** Opening Records supplied block **

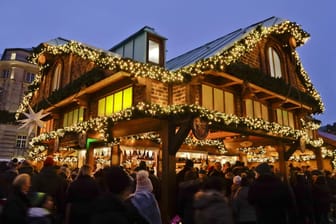 Hamburger Weihnachtsmarkt: Auch in diesem Jahr locken zahlreiche Buden mit Leckereien und Handwerk.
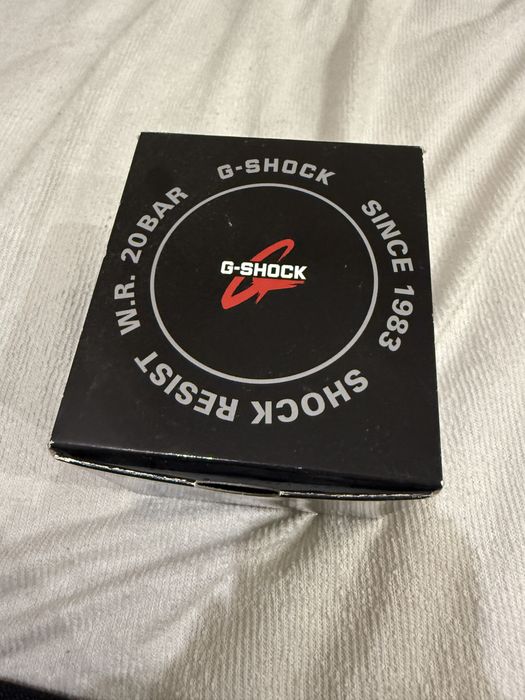 Часовник G-shock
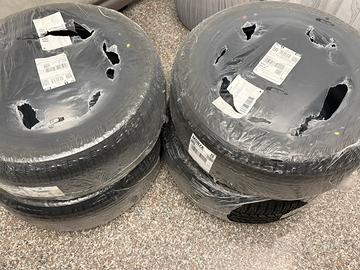 Gomme 255/55 R18 H109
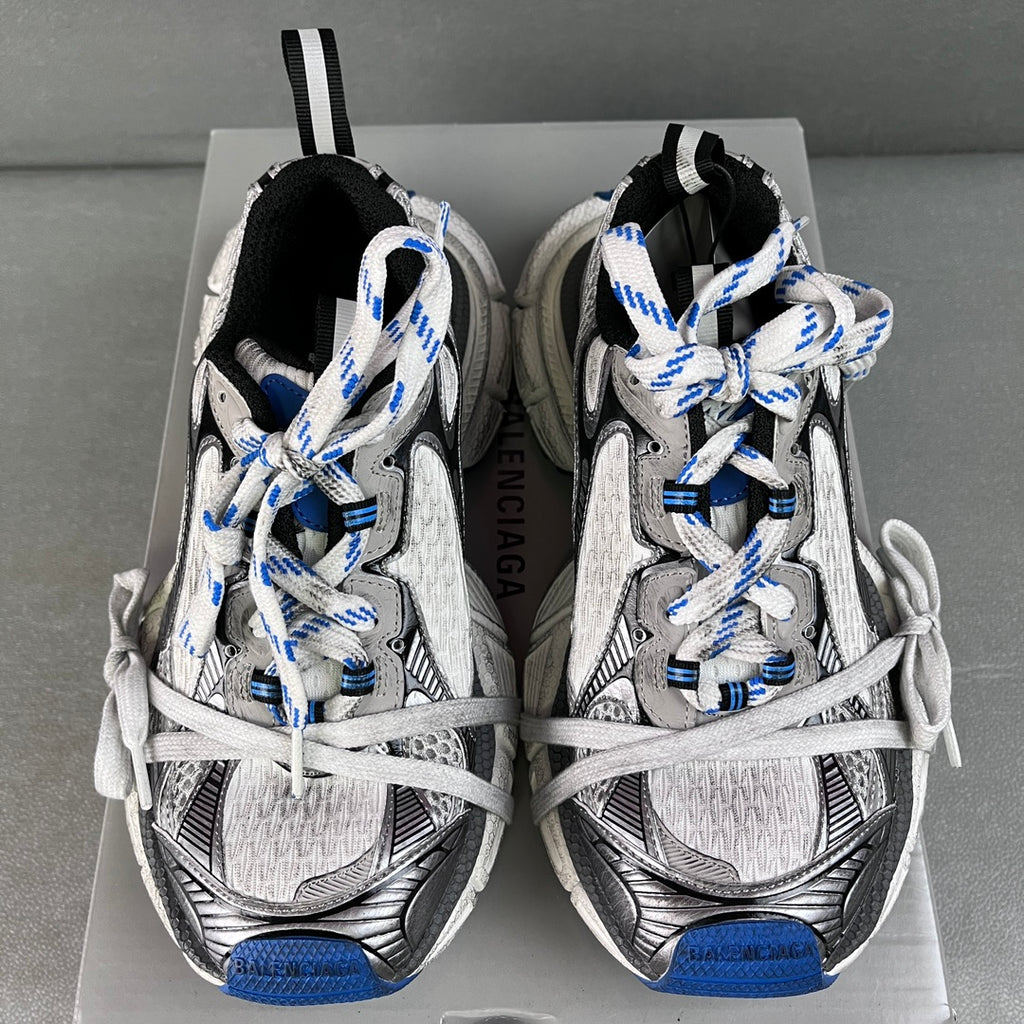 Balenciaga unisex sneakers rear view, gray uppers with white laces and blue heel panels
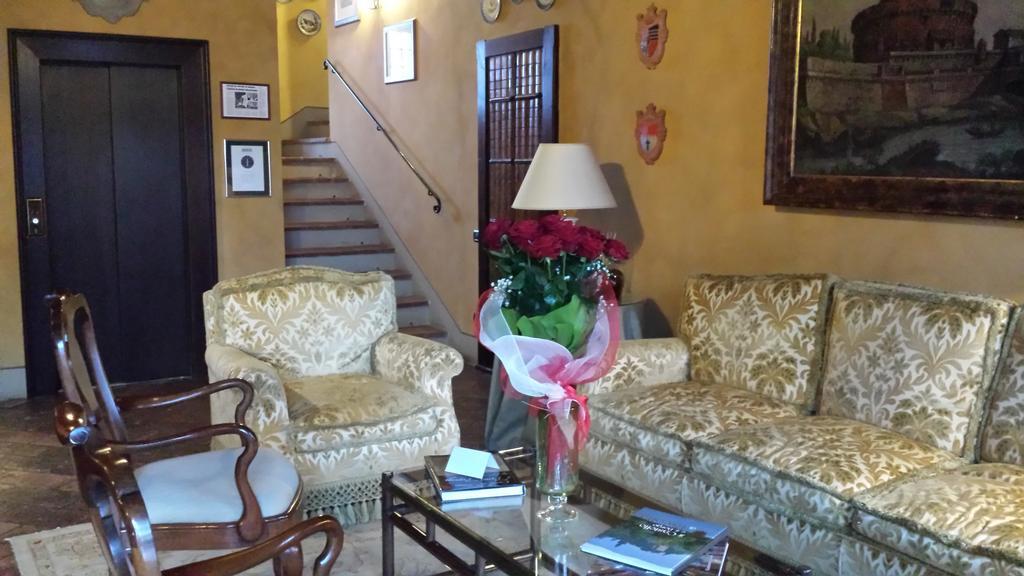 Hotel Torre Di San Martino Гаццола-ди-Ривальта Экстерьер фото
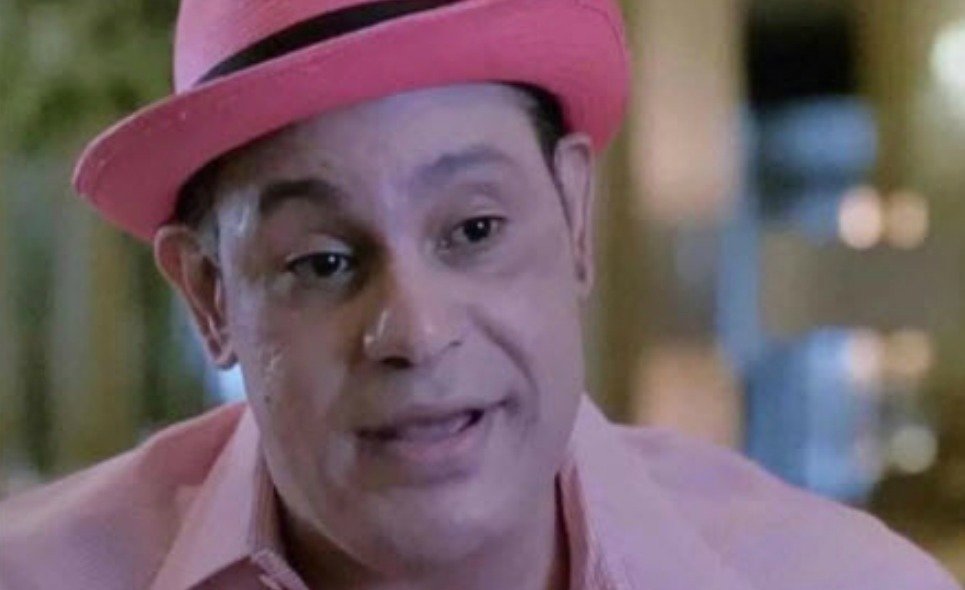 Sammy Sosa is still bleaching his skin here s why we re part of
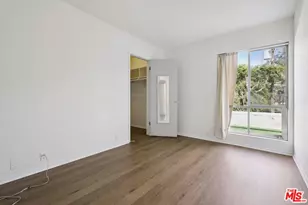 11121 Queensland St, Los Angeles, CA 90034 - Photo 15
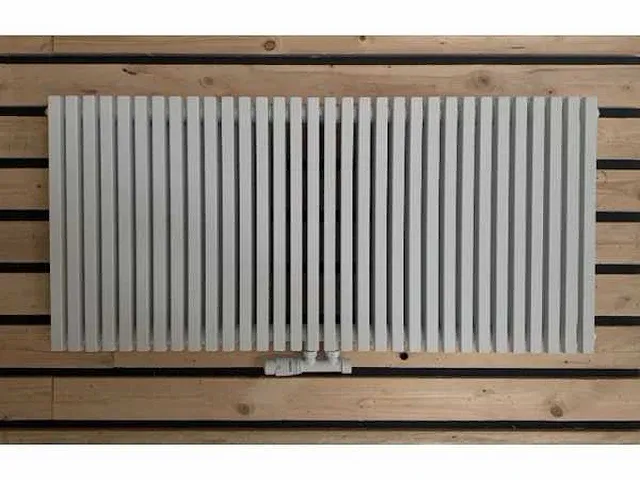 1 x h550xb1800 horizontaale designradiator mat wit - afbeelding 1 van  4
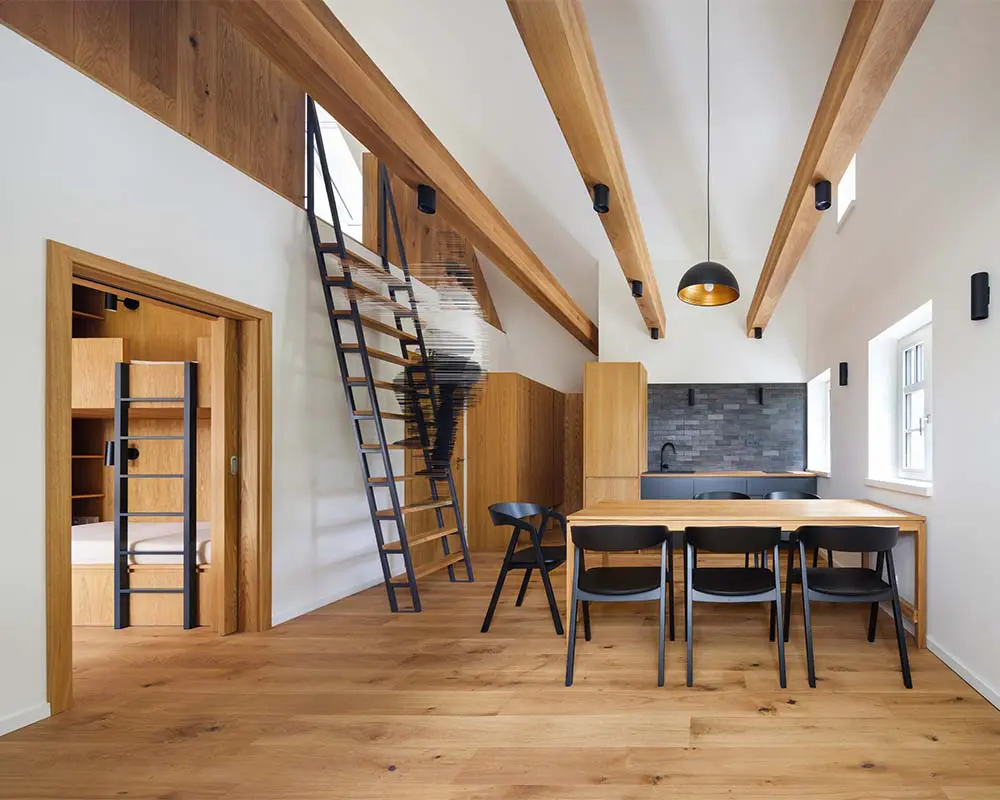 Reconstruir la vida: el antes y el después de una casa en república checa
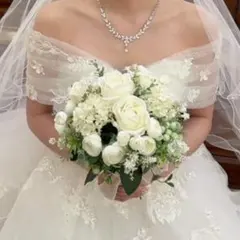 結婚式　白いバラのラウンド型ブーケ・ブートニア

** Closing Records supplied block **

Task brief
Without altering a word, return all of the records above and leave out their pictures.

Your response
 Hamburger Weihnachtsmarkt: Auch in diesem Jahr locken zahlreiche Buden mit Leckereien und Handwerk.
 Часовник G-shock
 Gomme 255/55 R18 H109
 Balenciaga unisex sneakers rear view, gray uppers with white laces and blue heel panels
 Hotel Torre Di San Martino Гаццола-ди-Ривальта Экстерьер фото
 Sammy Sosa is still bleaching his skin here s why we re part of
 11121 Queensland St, Los Angeles, CA 90034 - Photo 15
 1 x h550xb1800 horizontaale designradiator mat wit - afbeelding 1 van  4
 Reconstruir la vida: el antes y el después de una casa en república checa
 結婚式　白いバラのラウンド型ブーケ・ブートニア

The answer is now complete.